Begin at the line containing "OLD CHINESE BAMBOO" in the entries below and end at the line containing "VOAAOV<br>LOOSE DENIM Tuck Wide Pants"; transcribe that range exactly and nothing outside it.
*** ENTRIES PROVIDED ***
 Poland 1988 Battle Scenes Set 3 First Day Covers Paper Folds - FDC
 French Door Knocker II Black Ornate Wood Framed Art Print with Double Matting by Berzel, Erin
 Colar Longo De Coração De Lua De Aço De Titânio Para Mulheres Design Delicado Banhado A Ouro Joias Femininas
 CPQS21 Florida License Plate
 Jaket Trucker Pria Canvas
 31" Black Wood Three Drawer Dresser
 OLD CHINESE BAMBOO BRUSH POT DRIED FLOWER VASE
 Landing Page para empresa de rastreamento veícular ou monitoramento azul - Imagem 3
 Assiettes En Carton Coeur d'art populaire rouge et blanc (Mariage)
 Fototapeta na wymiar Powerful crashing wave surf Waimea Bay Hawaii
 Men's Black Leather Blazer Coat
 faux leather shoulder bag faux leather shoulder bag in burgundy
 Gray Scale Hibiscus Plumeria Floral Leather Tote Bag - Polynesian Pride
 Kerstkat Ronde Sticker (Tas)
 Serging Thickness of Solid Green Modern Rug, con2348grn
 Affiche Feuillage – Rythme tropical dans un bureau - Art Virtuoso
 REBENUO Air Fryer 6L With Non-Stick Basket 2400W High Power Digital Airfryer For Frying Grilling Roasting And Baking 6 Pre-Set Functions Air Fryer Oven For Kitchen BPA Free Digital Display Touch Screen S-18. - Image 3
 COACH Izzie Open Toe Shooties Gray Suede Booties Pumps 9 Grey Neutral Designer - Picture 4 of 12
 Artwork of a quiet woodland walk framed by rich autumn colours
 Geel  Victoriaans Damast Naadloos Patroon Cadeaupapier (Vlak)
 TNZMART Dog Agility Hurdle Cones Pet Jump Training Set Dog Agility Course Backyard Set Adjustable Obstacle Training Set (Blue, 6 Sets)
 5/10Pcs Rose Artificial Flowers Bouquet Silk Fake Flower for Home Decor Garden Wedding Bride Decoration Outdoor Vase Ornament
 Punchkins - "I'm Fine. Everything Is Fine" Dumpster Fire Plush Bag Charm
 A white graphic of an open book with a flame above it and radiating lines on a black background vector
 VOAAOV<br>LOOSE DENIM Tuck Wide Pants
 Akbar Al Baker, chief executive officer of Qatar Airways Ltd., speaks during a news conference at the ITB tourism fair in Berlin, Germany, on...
***
TASK RESPONSE -
 OLD CHINESE BAMBOO BRUSH POT DRIED FLOWER VASE
 Landing Page para empresa de rastreamento veícular ou monitoramento azul - Imagem 3
 Assiettes En Carton Coeur d'art populaire rouge et blanc (Mariage)
 Fototapeta na wymiar Powerful crashing wave surf Waimea Bay Hawaii
 Men's Black Leather Blazer Coat
 faux leather shoulder bag faux leather shoulder bag in burgundy
 Gray Scale Hibiscus Plumeria Floral Leather Tote Bag - Polynesian Pride
 Kerstkat Ronde Sticker (Tas)
 Serging Thickness of Solid Green Modern Rug, con2348grn
 Affiche Feuillage – Rythme tropical dans un bureau - Art Virtuoso
 REBENUO Air Fryer 6L With Non-Stick Basket 2400W High Power Digital Airfryer For Frying Grilling Roasting And Baking 6 Pre-Set Functions Air Fryer Oven For Kitchen BPA Free Digital Display Touch Screen S-18. - Image 3
 COACH Izzie Open Toe Shooties Gray Suede Booties Pumps 9 Grey Neutral Designer - Picture 4 of 12
 Artwork of a quiet woodland walk framed by rich autumn colours
 Geel  Victoriaans Damast Naadloos Patroon Cadeaupapier (Vlak)
 TNZMART Dog Agility Hurdle Cones Pet Jump Training Set Dog Agility Course Backyard Set Adjustable Obstacle Training Set (Blue, 6 Sets)
 5/10Pcs Rose Artificial Flowers Bouquet Silk Fake Flower for Home Decor Garden Wedding Bride Decoration Outdoor Vase Ornament
 Punchkins - "I'm Fine. Everything Is Fine" Dumpster Fire Plush Bag Charm
 A white graphic of an open book with a flame above it and radiating lines on a black background vector
 VOAAOV<br>LOOSE DENIM Tuck Wide Pants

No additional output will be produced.